RTE, the Irish national broadcasting service, was set up as a public authority under the Broadcasting Act of 1960. Section 31 of the Act allowed Ministers responsible for communications to prevent the broadcasting of material which would be likely to promote or incite crime or would tend to undermine the State's authority. In 1972, the political implications of Section 31 were made more explicit with the introduction of a ban on broadcast interviews with representatives of Sinn Fein and of any organizations proscribed in Northern Ireland. One obvious difficulty with this ban lay in the fact that viewers and listeners in the Irish Republic continued to receive programmes broadcast from the United Kingdom where such interviews were still permitted. This anomaly was removed, however, on 19 October 1988, when the British government imposed a similar ban to that operating in the Republic. This broadcasting ban was empowered by the terms of the 1981 Broadcasting Act and, therefore, required no parliamentary debate for it to become operative. The Northern Ireland Notice, issued by the then Home Secretary, Douglas Hurd, outlawed the broadcasting of speeches by and interviews with representatives and supporters of proscribed organizations. This was intended to be enforced even if the individuals in question were addressing issues not directly related to violence. Some qualifications were made to the ruling. For example, special dispensations were made for the purpose of election campaigns. In general, however, the net result was the increasingly bizarre sight of representatives of Sinn Fein and other organizations appearing on television with their words being spoken by actors.
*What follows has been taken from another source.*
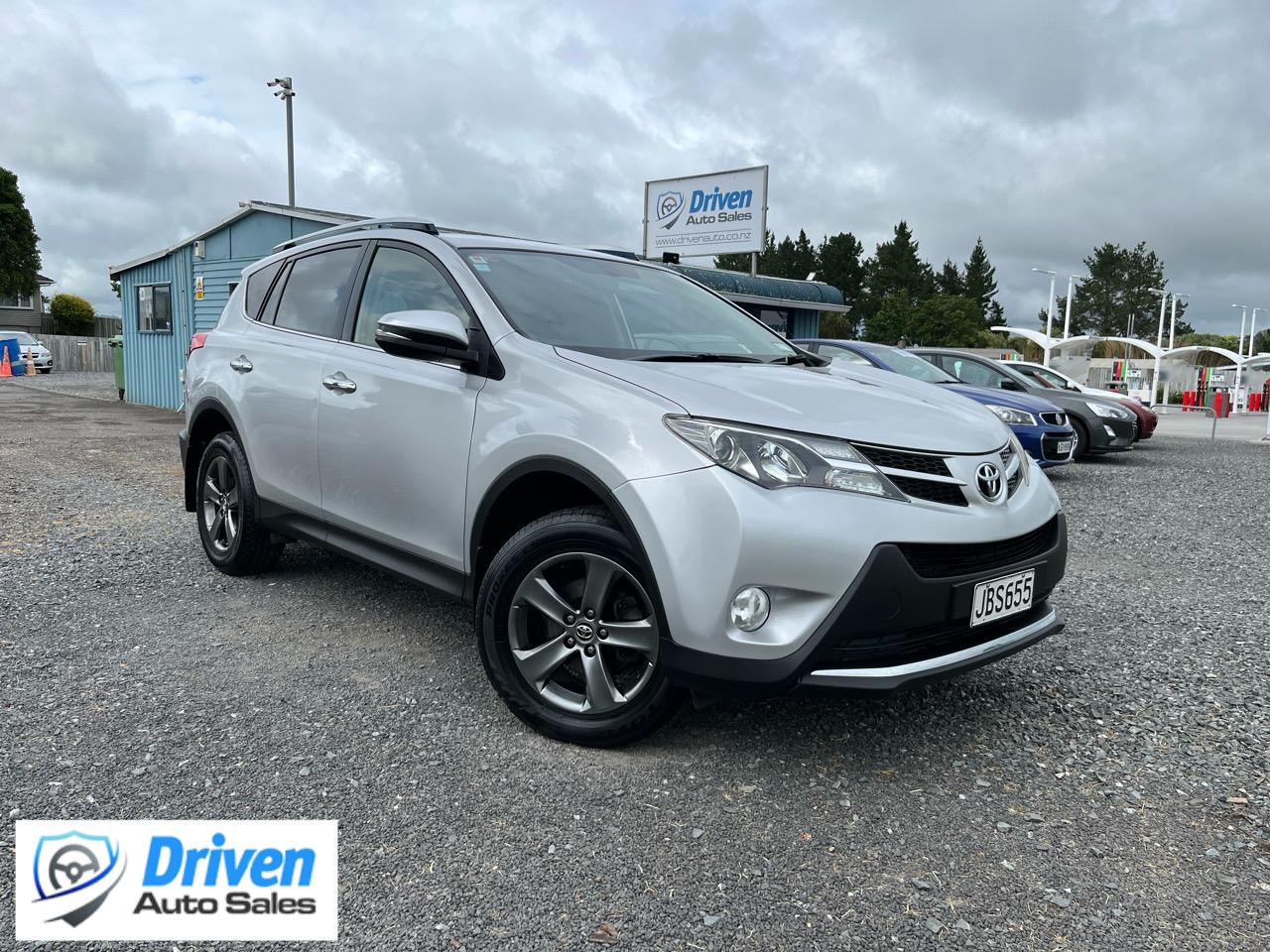 2015 Toyota RAV4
At the beginning of 1994, the Irish Republic's government lifted its ban and the old anomaly was reversed with viewers and listeners in Northern Ireland now able to hear the voices of members of proscribed organizations so long as they had access to RTE productions. The lifting of the ban in the Irish Republic was viewed with suspicion by Unionists and even by members of the British government who may have felt that their Irish counterparts were pushing ahead too quickly with plans to bring Sinn Fein into the political fold. The problem was, however, that the British were now seen in the eyes of the rest of the world, and especially by the government of the United States as being engaged in a policy of censorship which changes in the Irish Republic appeared to indicate was neither necessary nor desirable. Moreover, the increasingly cunning ploys by the broadcast media to circumvent the ban in Britain were creating a farcical situation. In response to these considerations, and more significantly to the PIRA ceasefire of 31 August 1994, the British government lifted its ban on 16 September 1994.

Although they welcomed this policy development, many broadcasters in Britain as well as many media analysts believed that the British state would continue to interfere with programme making and reporting of the situation in Northern Ireland, albeit with less recourse to direct censorship. Other restrictions on media freedom, it was argued, were still in place although the political context had changed so dramatically after the paramilitary ceasefires that it became less likely that the British government would continue to regard media coverage of Northern Ireland as constituting a potential security threat.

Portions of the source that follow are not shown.